> **What is required**: Take the listing below and output it exactly, with no images.

> **Material supplied**:
★ ★ ★

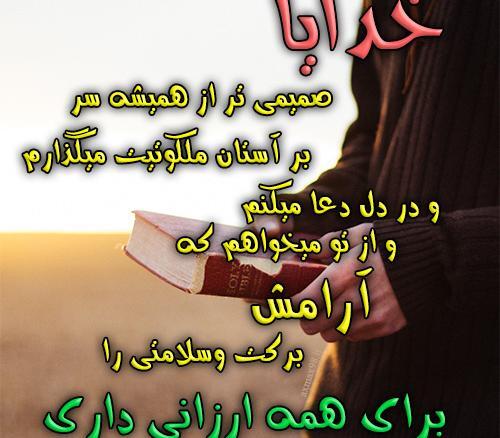 عکس نوشته دعای پایان سال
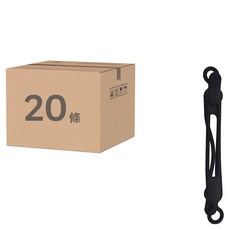 城市漫遊 矽膠束帶10條, 集線器, 高彈性, 防丟設計, 小衣物整理, 充電線收納, 11.5 x 1.5cm, 黑色, 20條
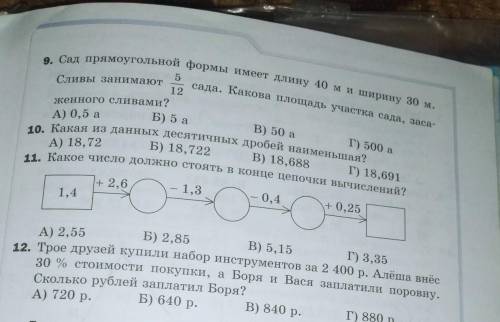 Кр по матеше 5классот (35) зделаю в 2х частях общие​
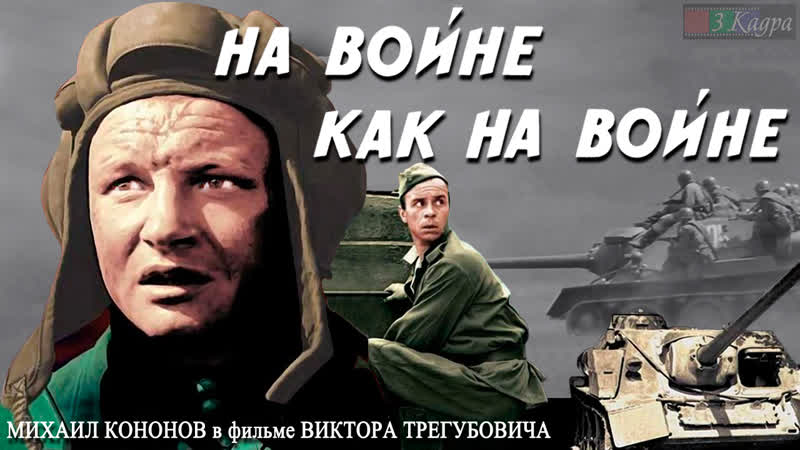 "На войне как на войне" (военное кино, драма) СССР-1968 год (720p)
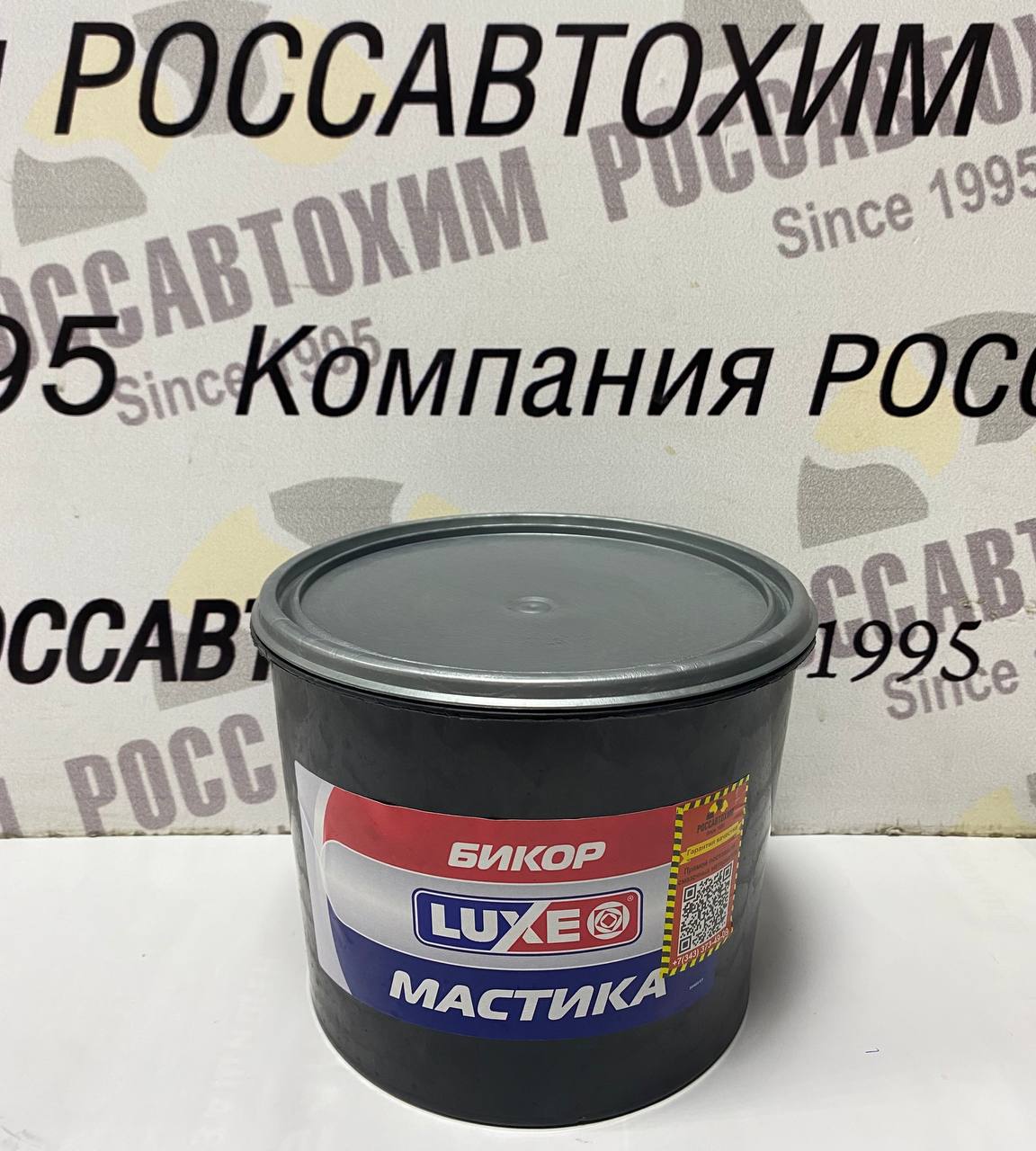 LUXE а/к Мастика БИКОР 2кг ведро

★ ★ ★

> **Result for this exercise**:
 عکس نوشته دعای پایان سال
 城市漫遊 矽膠束帶10條, 集線器, 高彈性, 防丟設計, 小衣物整理, 充電線收納, 11.5 x 1.5cm, 黑色, 20條
 Кр по матеше 5классот (35) зделаю в 2х частях общие​
 "На войне как на войне" (военное кино, драма) СССР-1968 год (720p)
 LUXE а/к Мастика БИКОР 2кг ведро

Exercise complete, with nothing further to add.